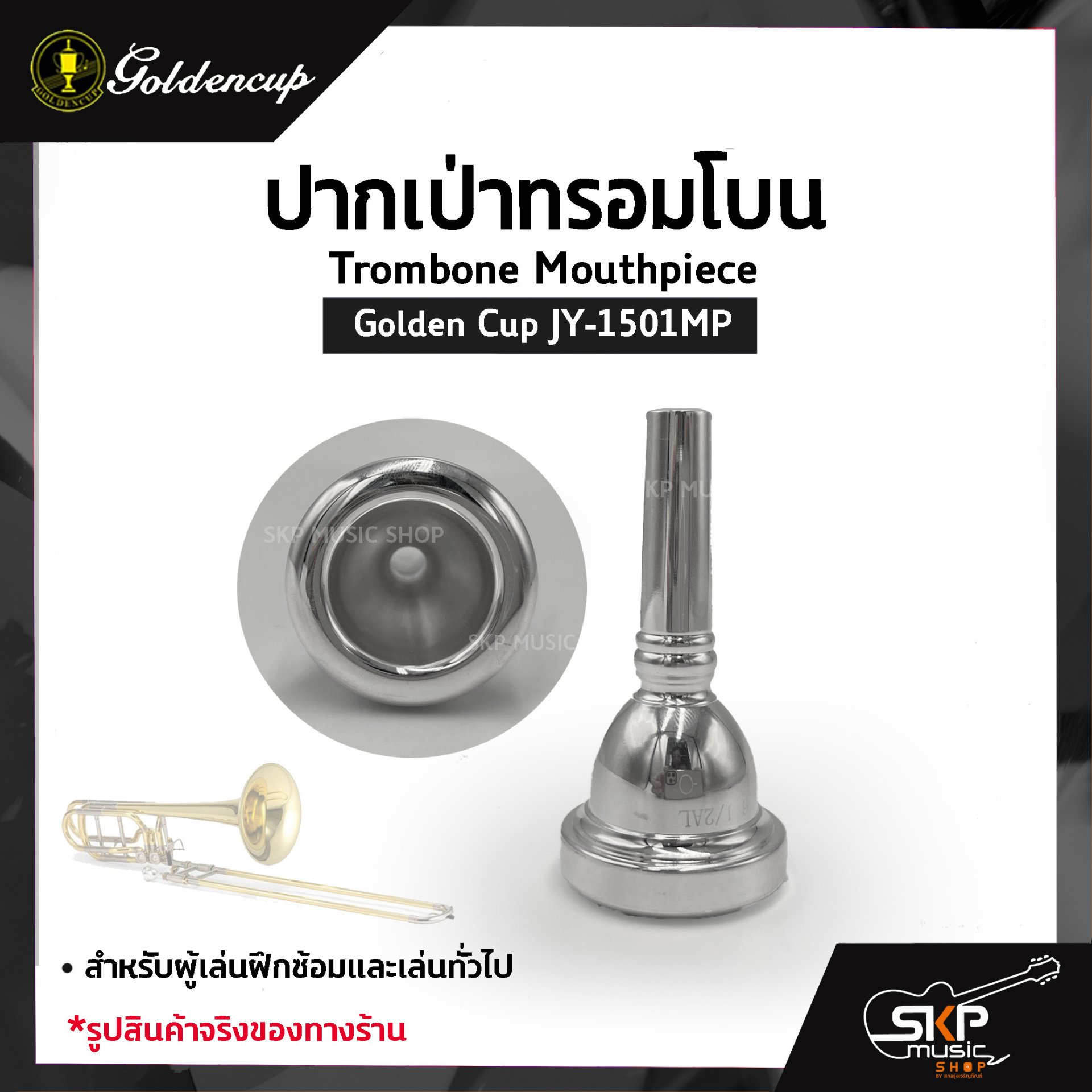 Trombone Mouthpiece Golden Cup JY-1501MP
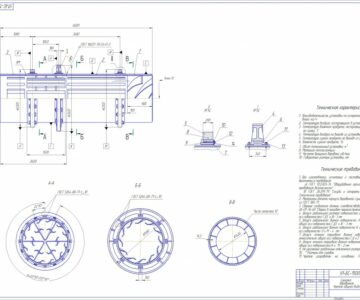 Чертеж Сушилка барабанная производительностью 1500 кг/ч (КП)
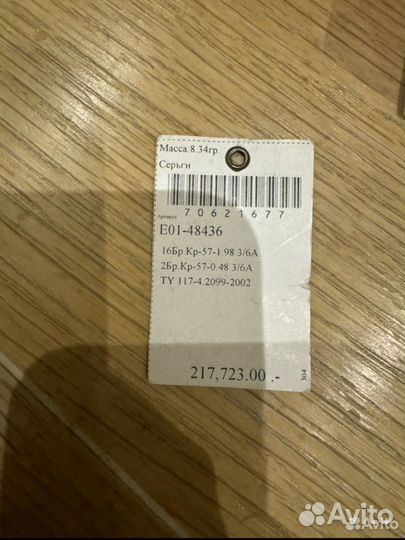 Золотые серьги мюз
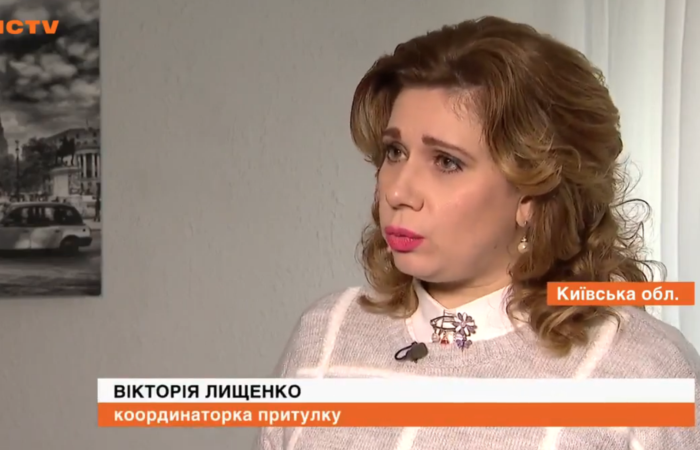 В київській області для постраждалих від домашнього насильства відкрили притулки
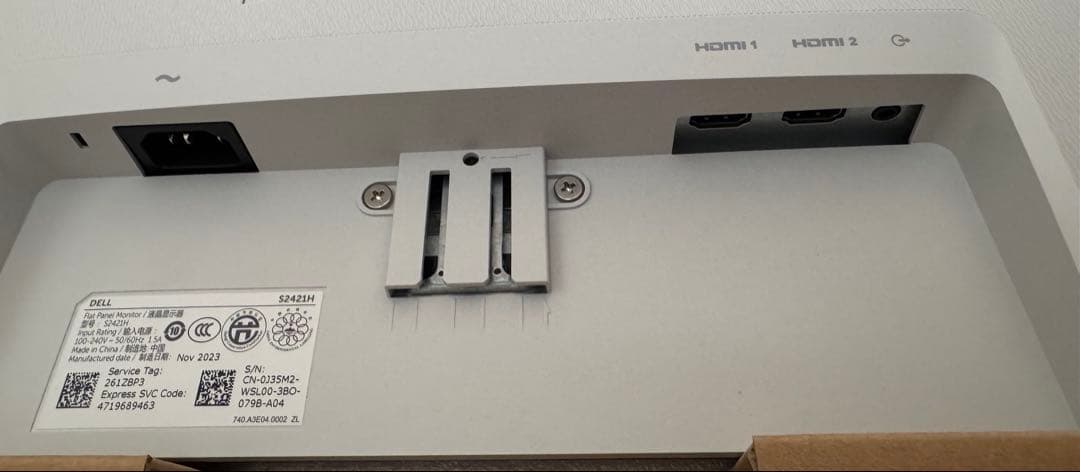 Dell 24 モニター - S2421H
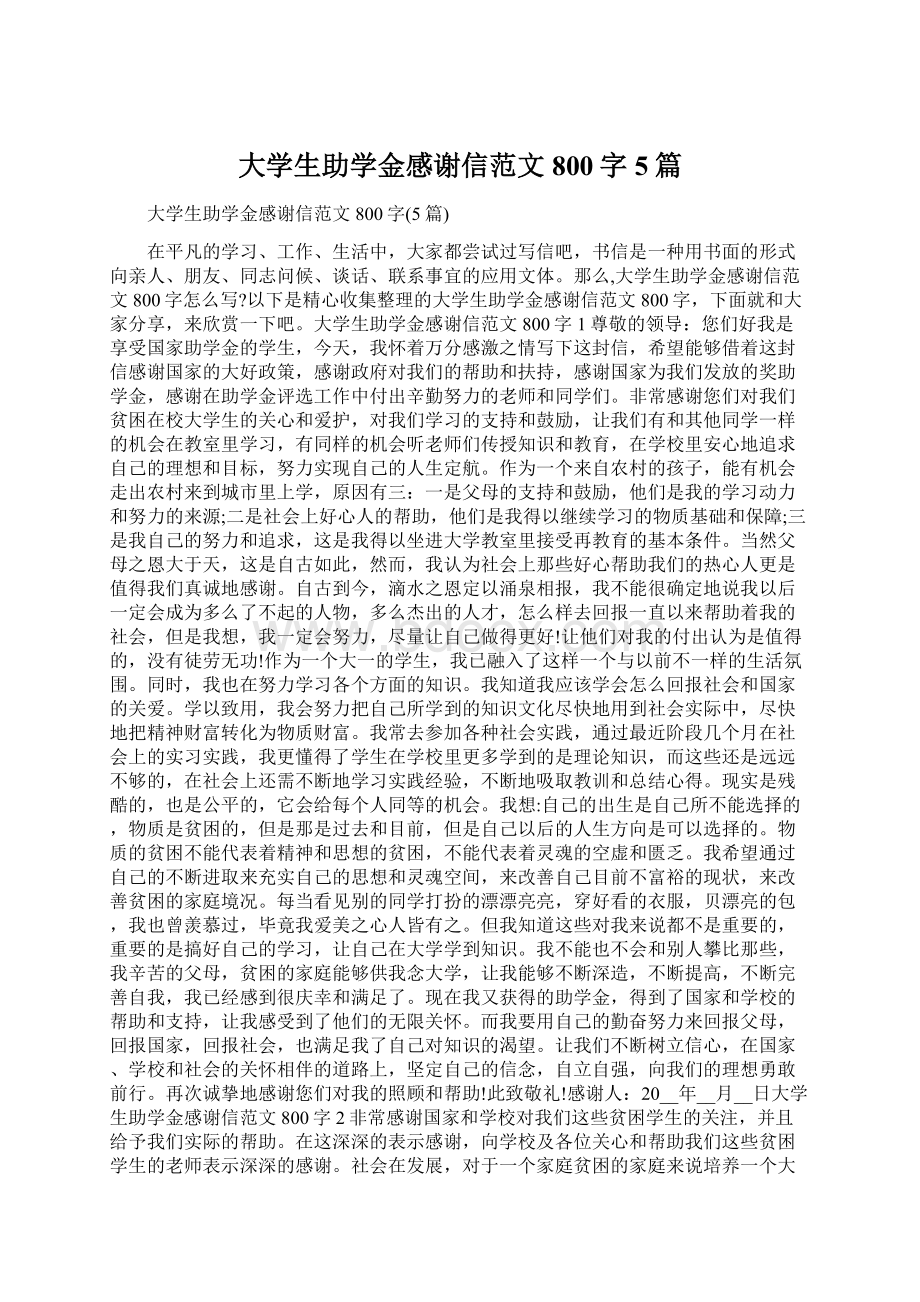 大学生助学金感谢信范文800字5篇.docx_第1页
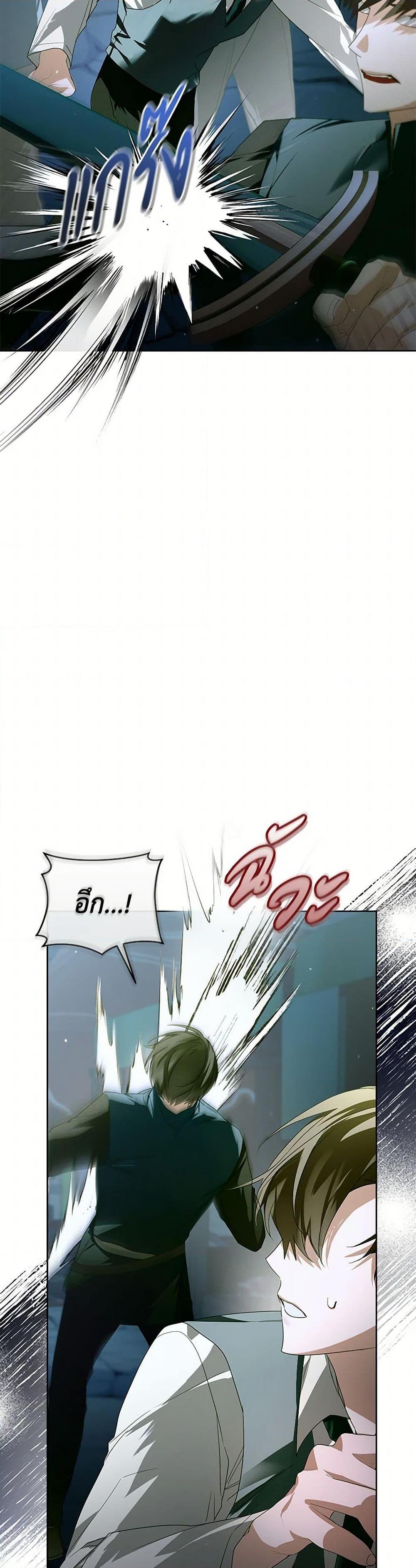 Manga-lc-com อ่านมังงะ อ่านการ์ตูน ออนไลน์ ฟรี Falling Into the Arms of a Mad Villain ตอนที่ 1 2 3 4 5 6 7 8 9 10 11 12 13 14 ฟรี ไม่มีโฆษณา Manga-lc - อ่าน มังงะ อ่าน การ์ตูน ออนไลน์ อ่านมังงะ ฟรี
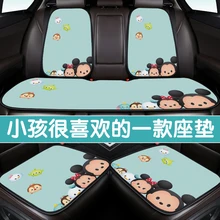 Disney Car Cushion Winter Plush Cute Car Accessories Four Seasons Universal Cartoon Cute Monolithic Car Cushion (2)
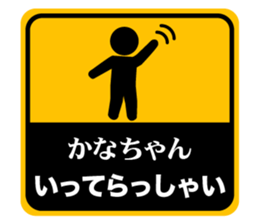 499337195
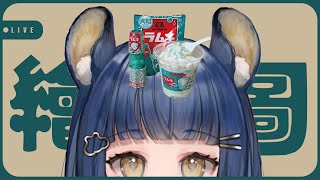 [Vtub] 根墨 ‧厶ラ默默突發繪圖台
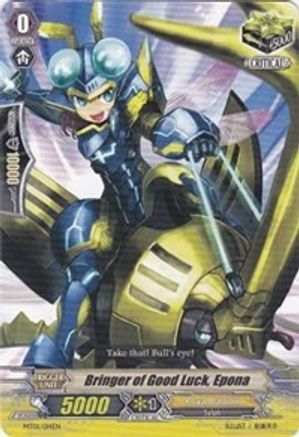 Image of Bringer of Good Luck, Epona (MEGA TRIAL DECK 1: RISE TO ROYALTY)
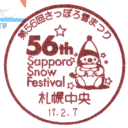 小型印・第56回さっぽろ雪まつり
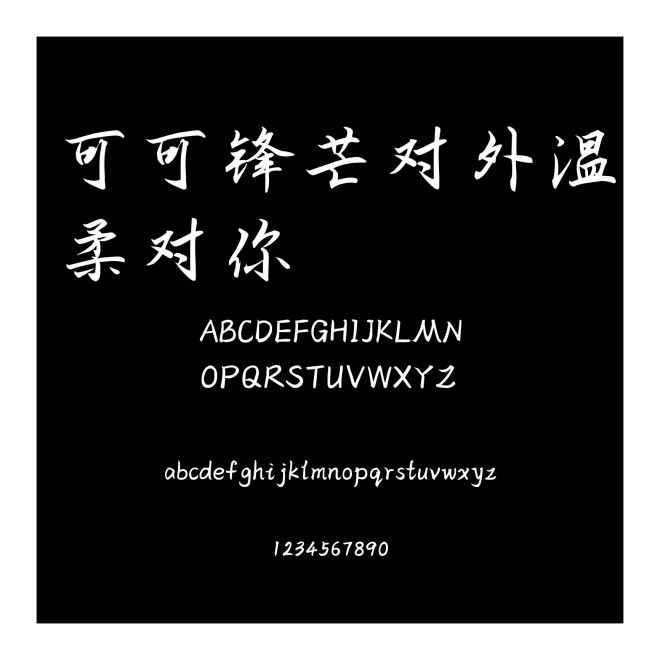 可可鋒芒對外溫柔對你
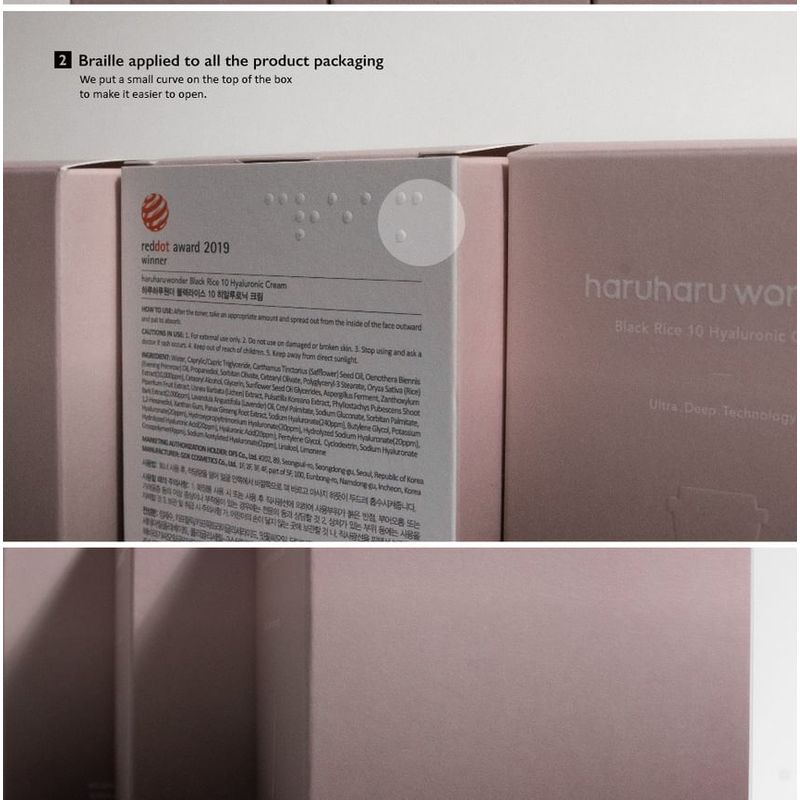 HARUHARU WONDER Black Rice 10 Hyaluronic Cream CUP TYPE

Exercise objective:
Each record above should be copied character for character, with pictures dropped.

Written response:
 Trombone Mouthpiece Golden Cup JY-1501MP
 Чертеж Сушилка барабанная производительностью 1500 кг/ч (КП)
 Золотые серьги мюз
 В київській області для постраждалих від домашнього насильства відкрили притулки
 Dell 24 モニター - S2421H
 大学生助学金感谢信范文800字5篇.docx_第1页
 Manga-lc-com อ่านมังงะ อ่านการ์ตูน ออนไลน์ ฟรี Falling Into the Arms of a Mad Villain ตอนที่ 1 2 3 4 5 6 7 8 9 10 11 12 13 14 ฟรี ไม่มีโฆษณา Manga-lc - อ่าน มังงะ อ่าน การ์ตูน ออนไลน์ อ่านมังงะ ฟรี
 Disney Car Cushion Winter Plush Cute Car Accessories Four Seasons Universal Cartoon Cute Monolithic Car Cushion (2)
 499337195
 [Vtub] 根墨 ‧厶ラ默默突發繪圖台
 Image of Bringer of Good Luck, Epona (MEGA TRIAL DECK 1: RISE TO ROYALTY)
 小型印・第56回さっぽろ雪まつり
 可可鋒芒對外溫柔對你
 HARUHARU WONDER Black Rice 10 Hyaluronic Cream CUP TYPE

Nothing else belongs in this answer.